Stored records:
[Start of Attachment]

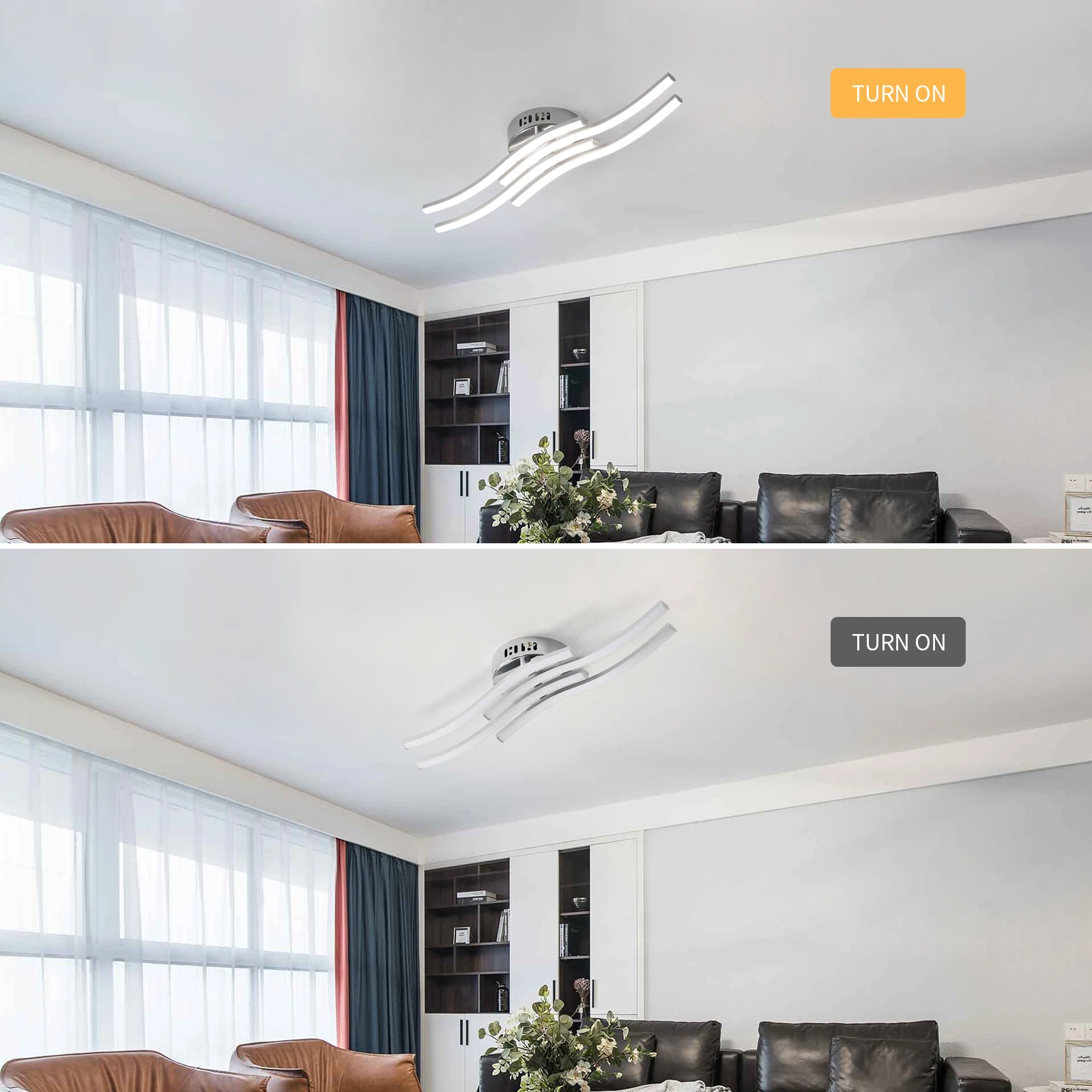 Modern Led Ceiling Light, 4 Built-in Wave Led Board Design Ceiling Lamps Silver Ceiling Lighting for Living Room Bedroom Kitchen
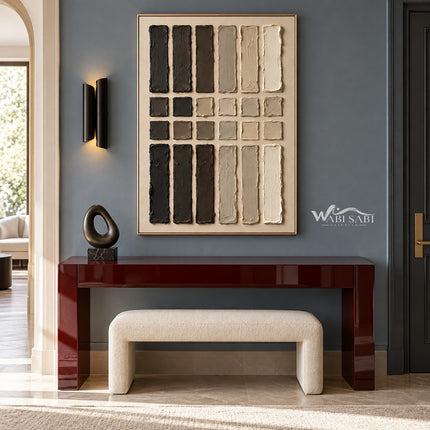 Charcoal and Cream Bar Grid Wall Art shown above a console and pale bench.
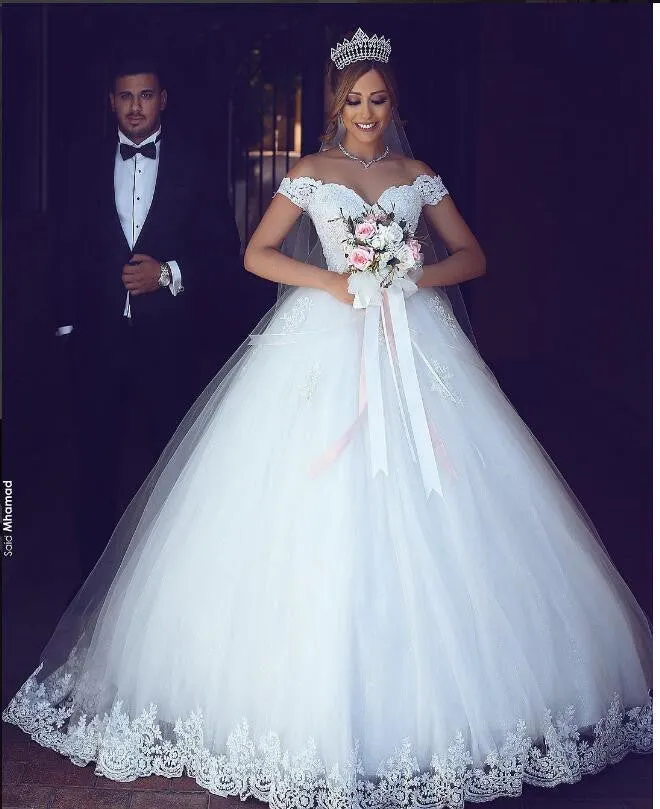 Julie James White Lace Appliques Bridal Ball Wedding Gowns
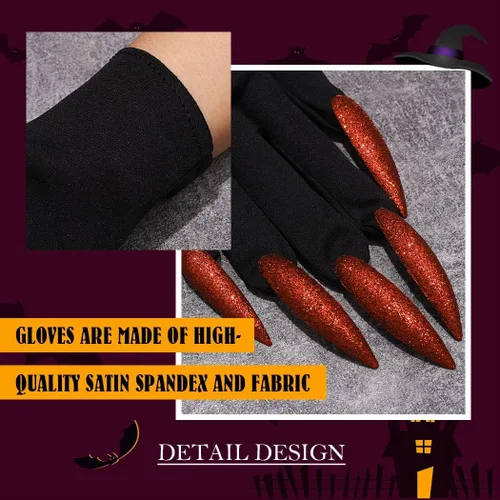 Vista 4 de Asooll Guantes de moda con uñas, guantes de fiesta, garras de gato, guante de lobo de Halloween, disfraz de fantasma para mujeres y niñas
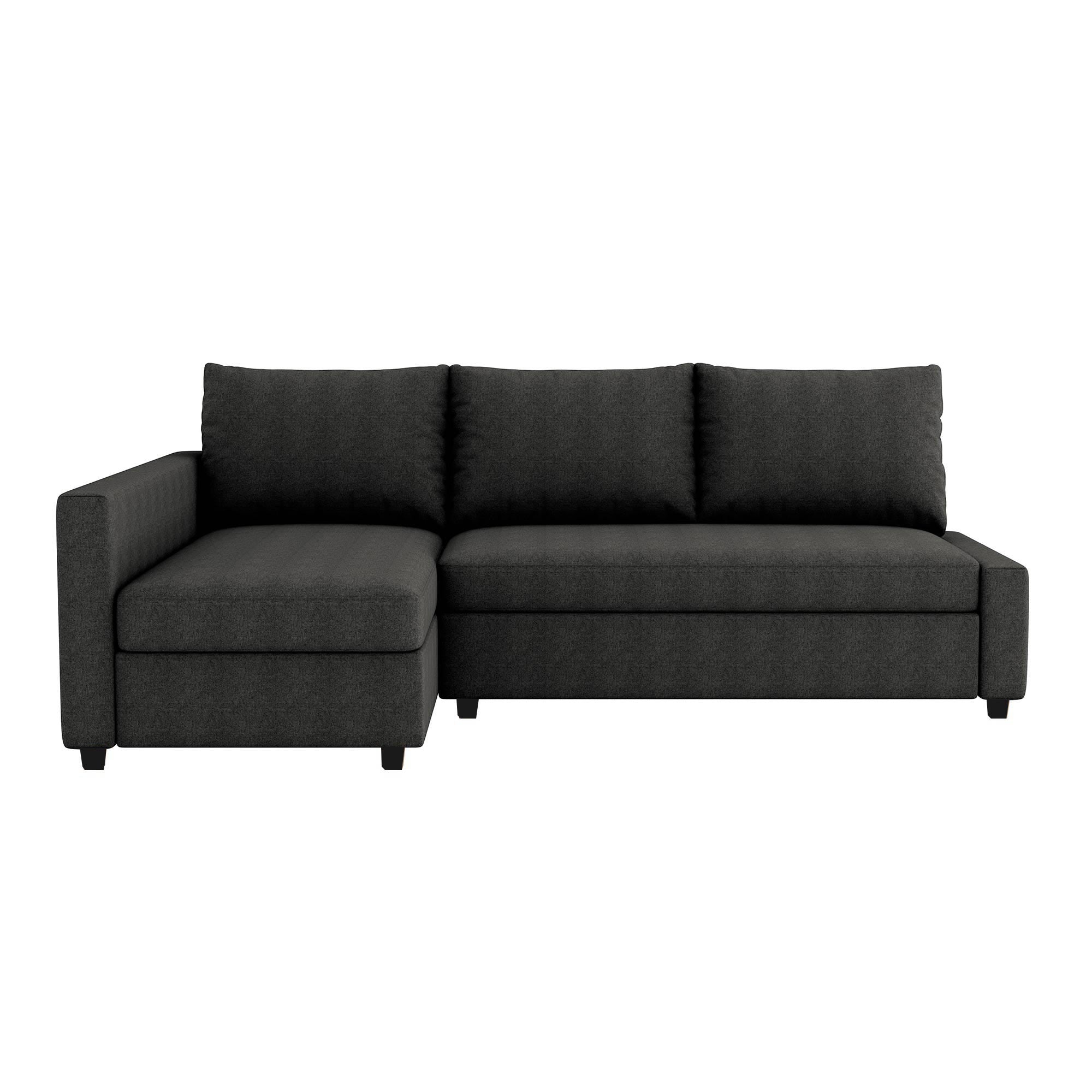 Friheten Sofa Bed Cover (includes left-side bench cover)-Charcoal-Structural Weave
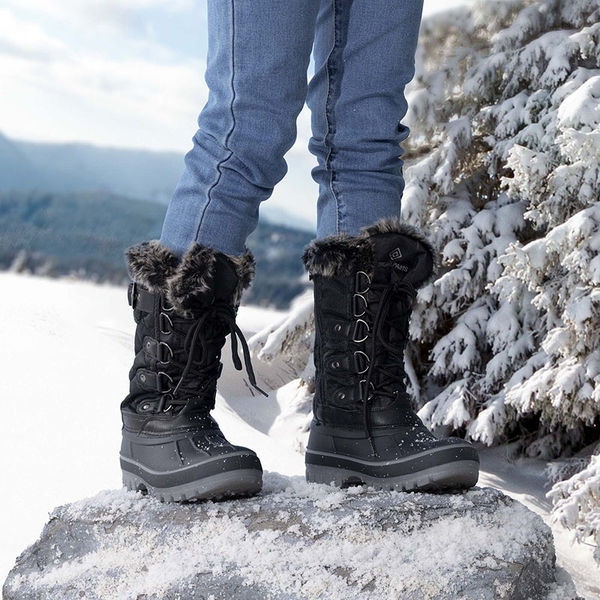 Kids Waterproof Snow Boots - BLACK - 4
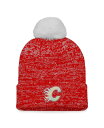 【送料無料】 ファナティクス レディース 帽子 アクセサリー Women's Red Calgary Flames Glimmer Cuffed Knit Ha...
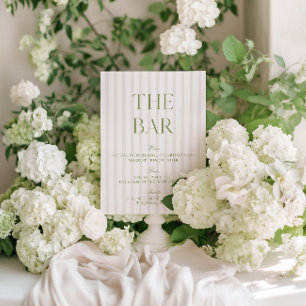 Invitation Panneau élégant Sage Green & Beige Mariage Bar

[End of Attachment]

** Your task **
Line for line, output the entries above from the line with "Charcoal and Cream" to the line with "Cuffed Knit Ha...", both included, and nothing more. Skip pictures.

** Answer to this exercise **
 Charcoal and Cream Bar Grid Wall Art shown above a console and pale bench.
 Julie James White Lace Appliques Bridal Ball Wedding Gowns
 Vista 4 de Asooll Guantes de moda con uñas, guantes de fiesta, garras de gato, guante de lobo de Halloween, disfraz de fantasma para mujeres y niñas
 Friheten Sofa Bed Cover (includes left-side bench cover)-Charcoal-Structural Weave
 Kids Waterproof Snow Boots - BLACK - 4
 【送料無料】 ファナティクス レディース 帽子 アクセサリー Women's Red Calgary Flames Glimmer Cuffed Knit Ha...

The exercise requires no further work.